Perché il rito antropofago venne poi demonizzato dall’uomo bianco? Non solo per paura. Se durante il primo approccio il timore fu una naturale reazione, in un secondo momento s’interpretò il rito nativo come una mancanza di umanità. Ma su che base? Sull’assenza di una forma canonica di religione. Bisognava allora assoggettare gli indigeni alla cristianità, renderli consapevoli della differenza tra il bene e il male, ma in realtà erano le ricchezze l’obiettivo finale. Esacerbando e stravolgendo il significato dei riti indigeni, era più facile trovare consensi tra l’opinione pubblica europea, giustificando così una delle barbarie più cruenti della storia delle esplorazioni ovvero, l’assoggettamento per fini di lucro, di popolazioni inermi, sul loro stesso territorio. Bartolomè De Las Casas, padre francescano, si oppose fermamente alla conquista ottenuta dagli Spagnoli. Si oppose ai massacri e alle guerre e nelle sue opere cercò di persuaderli a un’azione pacifica nei confronti degli Indios. Ma la storia era già stata scritta.

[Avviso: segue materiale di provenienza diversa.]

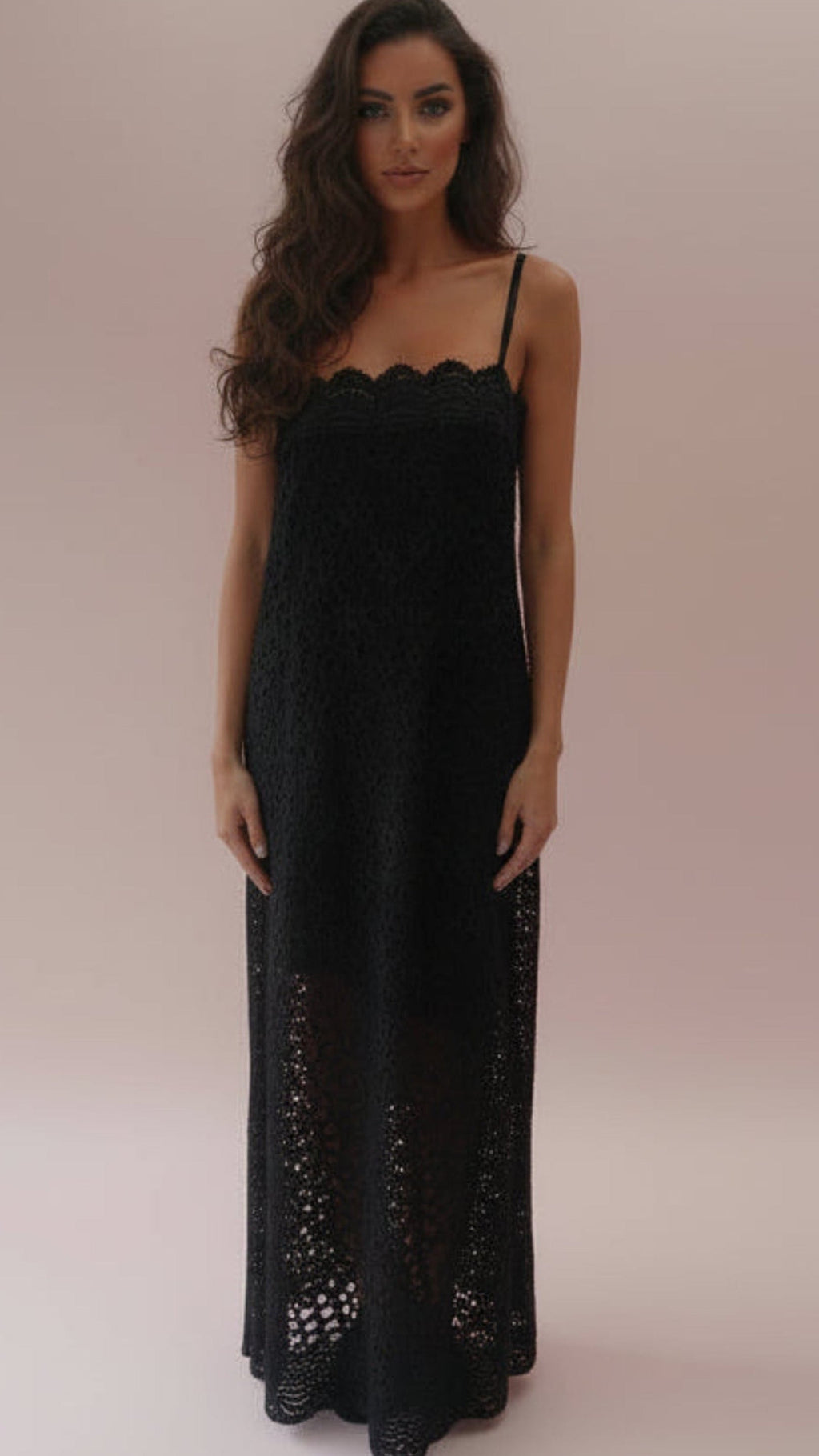 LARA - Black Sheer Broderie Anglais Dress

Nella storia del cannibalismo non mancò il cosiddetto rovescio della medaglia: Cook e i suoi uomini, giudicarono la pratica del sacrificio umano e dell’antropofagia con severità, definendola ripugnante. Ma partecipando ad alcune cerimonie, il Capitano non si rese conto che assistere a tali rituali lo aveva reso parte integrante di quel mondo e dopo essere stato identificato con il dio Lono, morì in seguito alla violazione di uno status rituale che gli indios gli avevano attribuito.

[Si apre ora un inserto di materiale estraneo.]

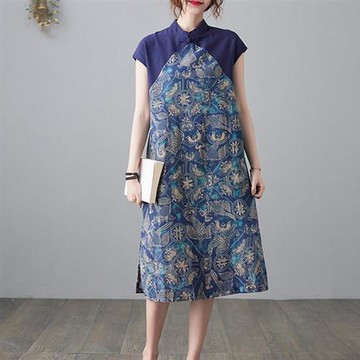 【韓國K.W.】高工藝亞麻拼接旗袍洋裝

Casi di cannibalismo nella storia europea del passato, ce ne sono stati molti, e non si è trattato di ritualità, bensì di disperazione. Ad esempio il disastro della baleniera Essex. Era il 20 novembre del 1820. La Essex si trovava nel mezzo dell’Oceano Pacifico. Tre lance si buttarono all’inseguimento di una grande balena, ma durante l’ arpionamento, una lancia subì una grave falla allo scafo. L’ufficiale Owen Chase decise di tornare alla nave, per ripararla in tempo per riunirsi agli altri membri dell’equipaggio. Accadde esattamente in quel momento che Chase vide emergere dall’acqua, a circa 90 metri di distanza, la testa quadrata di un capodoglio, lungo 24 metri. L’animale soffiò due o tre volte, poi sbatté furiosamente la coda e puntò dritto, verso la prua della Essex. L’equipaggio rimasto a bordo, non poté far nulla per evitare l’urto, che scosse la nave da cima a fondo. Il capodoglio parve stordito e si allontanò, ma dopo pochi minuti, incredibilmente, riapparve puntando di nuovo sulla Essex.

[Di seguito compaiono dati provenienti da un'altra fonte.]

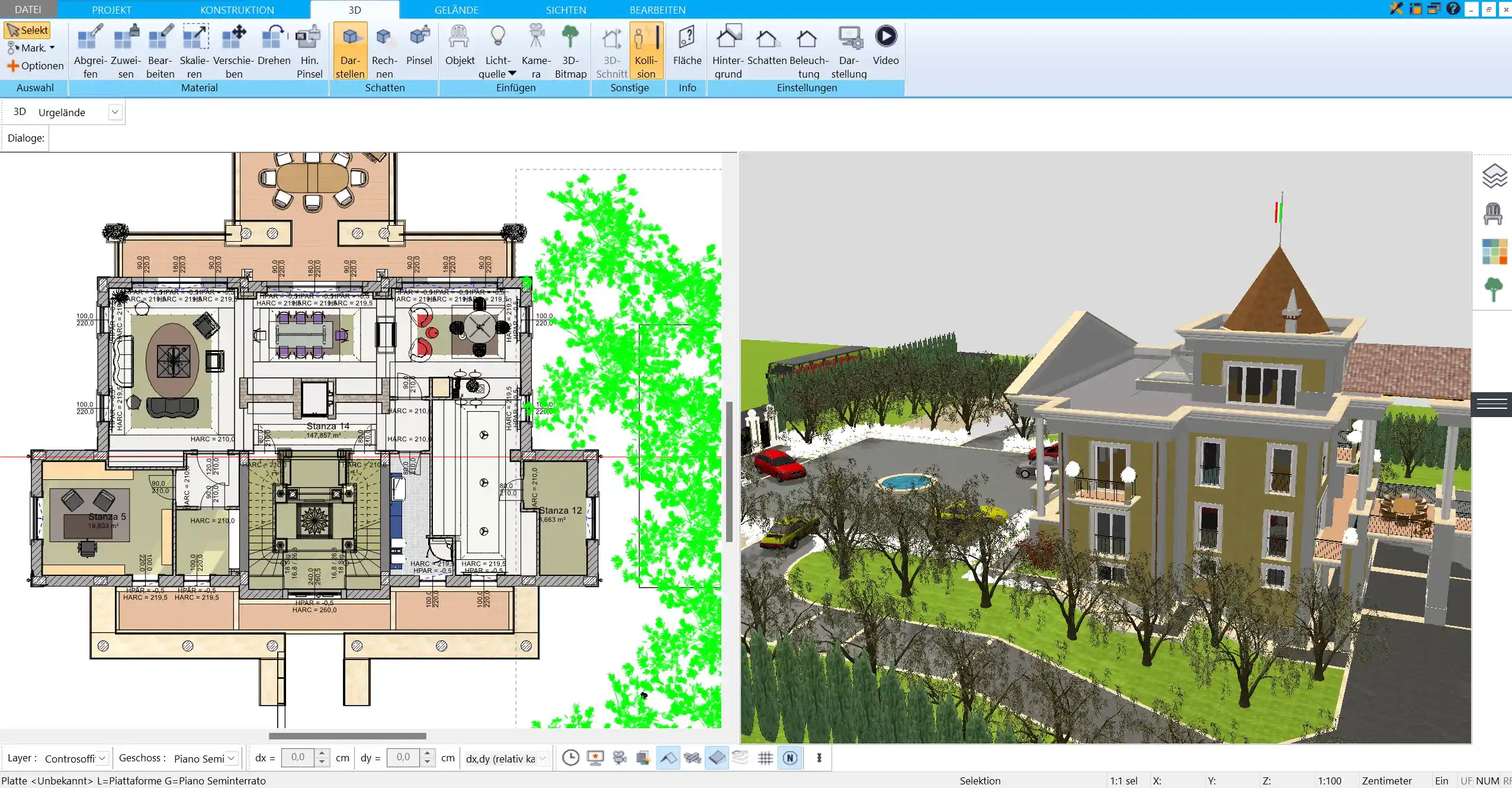 Mit HausDesigner3D erstellte 3D-Ansicht eines Hauses – für eine realistische Visualisierung Ihrer Baupläne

Il capodoglio urtò con la testa il bastimento all’altezza della prua, e poi scomparve. La Essex colò a picco. In pochi minuti si riempì d’acqua e si coricò sul fianco sinistro, nel frattempo, le altre lance rientrarono e il capitano Pollard chiese a Chase cosa fosse accaduto, e la risposta entrò nella leggenda: erano stati affondati da una balena. I venti uomini della Essex, soli in mezzo all’Oceano Pacifico, e iniziarono una terribile odissea: rimasti a bordo delle tre lance, percorsero 4500 miglia fino alla costa cilena, tormentati dalla fame, dalla sete, dalle tempeste e dalla disperazione. Tre di loro si fermarono su un isolotto e furono soccorsi solo alcuni mesi dopo. Degli altri, solo cinque arrivarono a toccare la costa, dopo essere riusciti a sopravvivere cibandosi delle carni dei loro compagni morti. Un marinaio fu addirittura estratto a sorte e poi ucciso. Sui superstiti del disastro,il capitano Pollard, il primo ufficiale Owen Chase e il mozzo Thomas Nickerson, gravò l’onere e il dolore di testimoniare l’accaduto.
Le storie di cannibalismo non sono da considerarsi esclusiva di un’epoca lontana, basti pensare alla sciagura del Fairchild, l’aereo precipitato sulla Cordigliera delle Ande negli anni ’70: la tragedia vissuta da quegli uomini non è molto diversa da quanto accaduto ai marinai della baleniera Essex. Purtroppo, la storia dei grandi viaggi e delle esplorazioni ha anche scritto pagine non a lieto fine, ed è giusto conoscerle.
Giudicare è impossibile, negare sarebbe stupido.